▶ _What the exercise asks_
Please retype the entries below exactly, only from their first line through the line containing "DFTP by Nordlux", leaving every picture out.

※ ※ ※

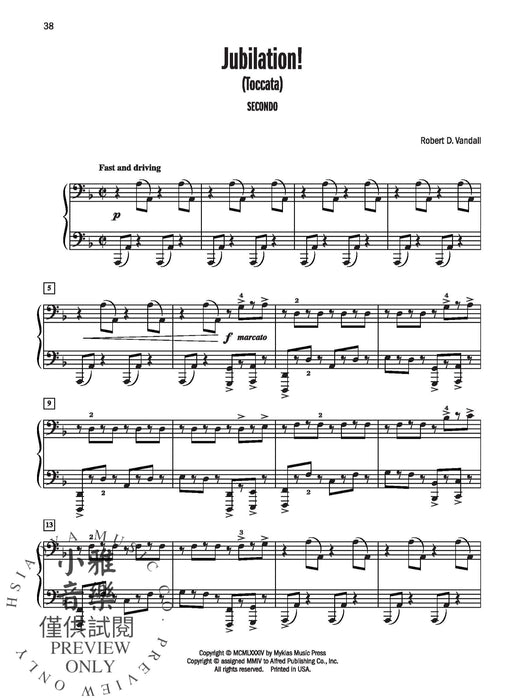 Celebrated Piano Duets, Book 5 Five Diverse Duets for Intermediate to Late Intermediate Pianists 鋼琴 二重奏 | 小雅音樂 Hsiaoya Music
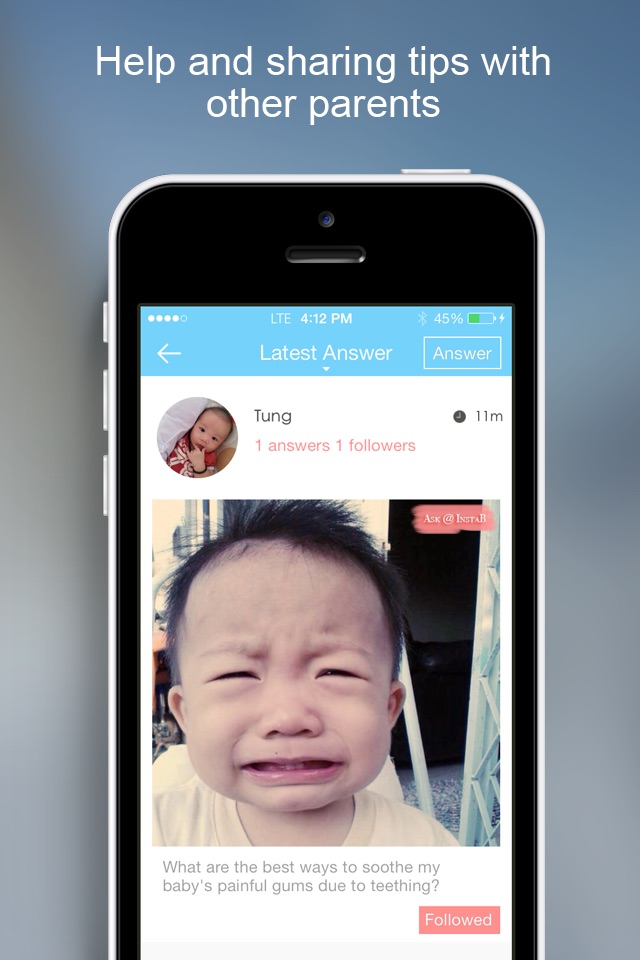 InstaB For Baby - Beautiful way to share baby’s milestones, growth and advice screenshot 3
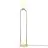 DFTP by Nordlux Shapes Lámpara de pie Vidrio y Metal Latón | Apta para E27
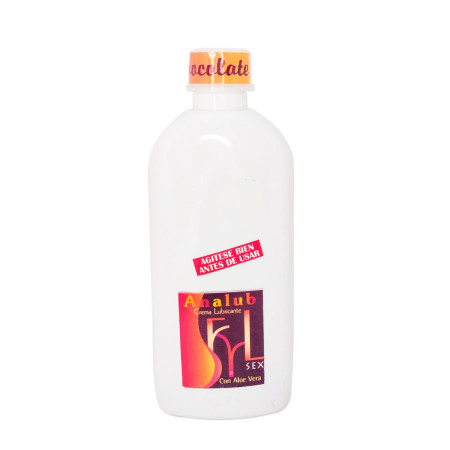 Crema Lubricante Analub Chocolate con Aloe Vera 250 ml Fyl Sex  | T...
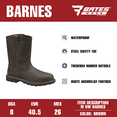 thumbnail image 6 of Bates Work by Wolverine Men's Barnes Waterproof Steel Pull-On Toe Work Boot, 6 of 8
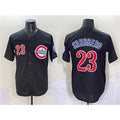 marshops Chicago Cubs #23 Ryne Sandberg Black  Limited Stitched Jersey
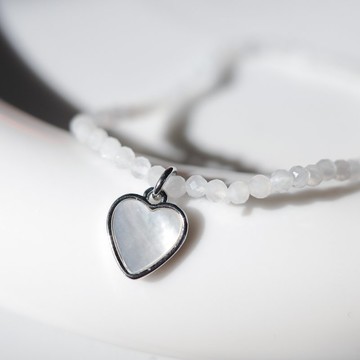 六月誕生石 溫柔浪漫的月光石手鏈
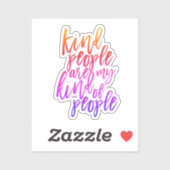 Freundliche Menschen sind meine Art von Menschen, Aufkleber (Blatt)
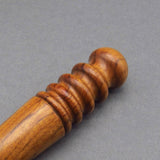 Leather Edge Slicker Round Burnisher Wood Leathercraft Hand Tool polishing sanding Smooth Wood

※ ※ ※

▶ _Response to this exercise_
 Celebrated Piano Duets, Book 5 Five Diverse Duets for Intermediate to Late Intermediate Pianists 鋼琴 二重奏 | 小雅音樂 Hsiaoya Music
 InstaB For Baby - Beautiful way to share baby’s milestones, growth and advice screenshot 3
 DFTP by Nordlux Shapes Lámpara de pie Vidrio y Metal Latón | Apta para E27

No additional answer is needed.